Co-author Joshua Rhoades, a bioinformatician, suggested doing single-cell RNA sequencing, which Atchison says “turned out to be really transformative. Then we saw all these other cell types coming up.”

As YY1 deletion pro-B cells grew in culture, the sequencing data revealed that 85% of them were classified as monocytic or dendritic cells, which help B and T cells deliver antigens to each other so they may build an immune response, while only 3% were classified as T cells.

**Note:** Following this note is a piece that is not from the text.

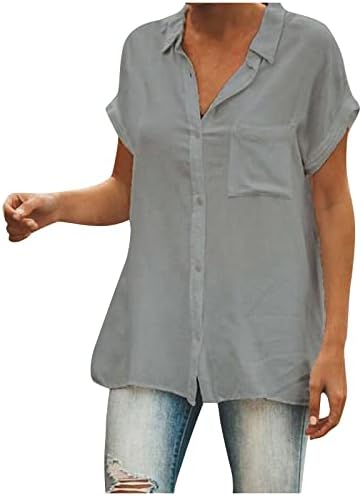 Flanelske košulje za žene, modne široke obične košulje srednje duljine kratkih rukava, ležerni vrhovi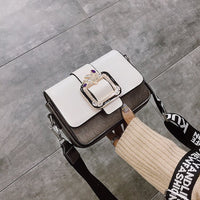 Cotton and Leather Women Box Bag Buckle Strap Crossbody Bag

However, the majority of these alternative lineage genes were downregulated after three weeks of incubation, while T lineage genes were more highly expressed.

A very useful, insightful, and unexpected finding was that while we were pushing these B cells to T cells, in the appropriate T cell environment, we observed that during this transition (midway) they were making a lot of other cell types because we showed that Notch, a receptor in a highly conserved cell signaling pathway, was involved in the process, this could mean that it is the gradient of Notch signaling that is required to make these other cell types during the early phase while also inhibiting their differentiation during later stages, pushing them to T cells.”

Sarah Naiyer, Research Associate and Study Co-Author, Biomedical Sciences, School of Veterinary Medicine, University of Pennsylvania

Atchison expressed satisfaction in witnessing these results being successfully replicated in vivo.

It is coming out pretty close to what we fantasized about how the genome has changed when you knock out YY1 and why that allows the cells to be less committed to one lineage and able to be pushed into another direction,” Atchison said.

Looking forward, the mountain of data the team amassed “can be mined for a long time to look at what is happening when you knock out YY1,” Atchison said.

Atchison adds, “We have looked at a small handful of genes, but there are 20,000 genes in the genome, and there is a lot we can do just with the data we have.”

Two more study directions are examining how well YY1 deletion functions in different cell types and tissues and whether T cells can still migrate to a different lineage.

Source:
Journal reference:

Banerjee, S., et al. (2024) YY1 knockout in pro-B cells impairs lineage commitment, enabling unusual hematopoietic lineage plasticity. Genes & Development. doi.org/10.1101/gad.351734.124.